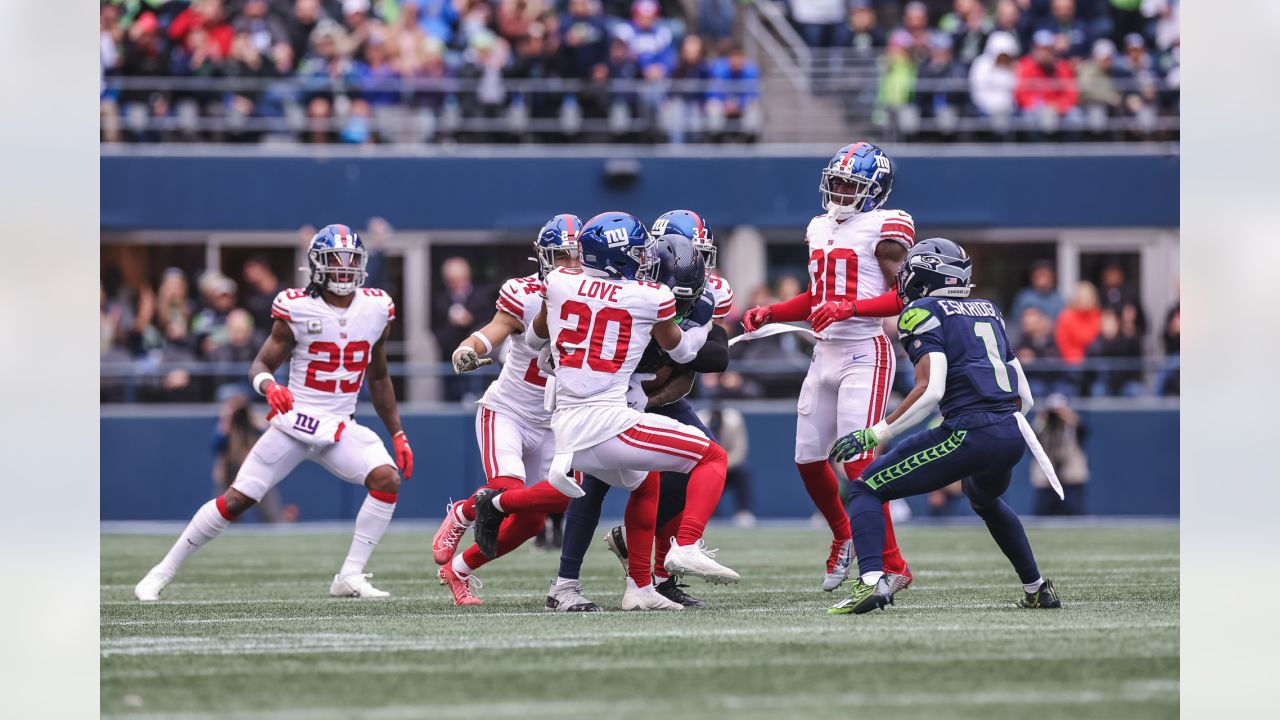 Giants fall to Seahawks, enter bye 6-2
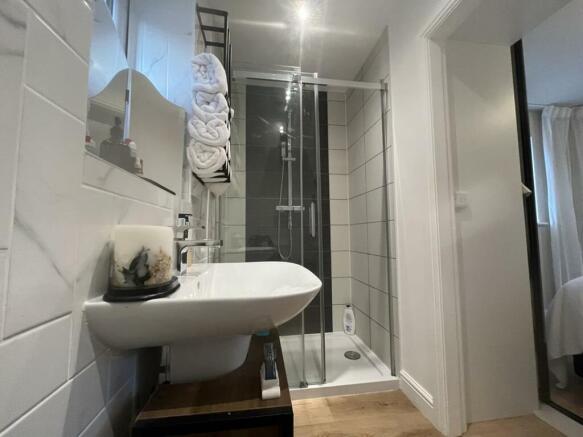 Ensuite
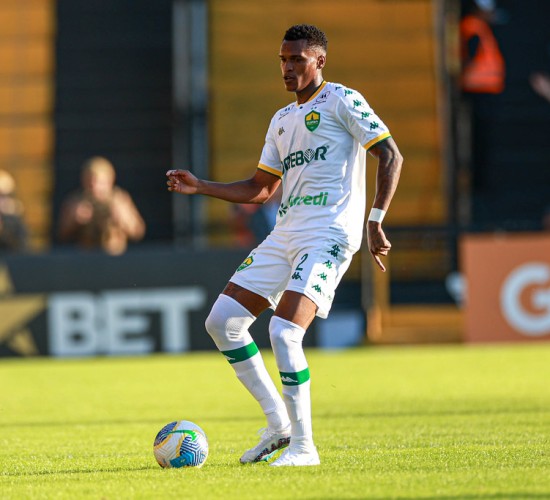 Cuiabá anuncia venda de Matheus Alexandre ao Sport Recife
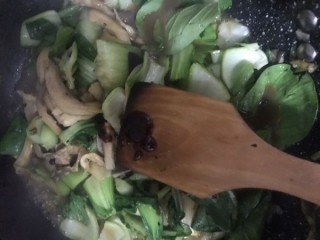  蘑菇炒油菜 第8步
....................
## Directions
All of the listing above has to be reproduced exactly, though without its images.

## Solved problem
 Giants fall to Seahawks, enter bye 6-2
 Ensuite
 Cuiabá anuncia venda de Matheus Alexandre ao Sport Recife
  蘑菇炒油菜 第8步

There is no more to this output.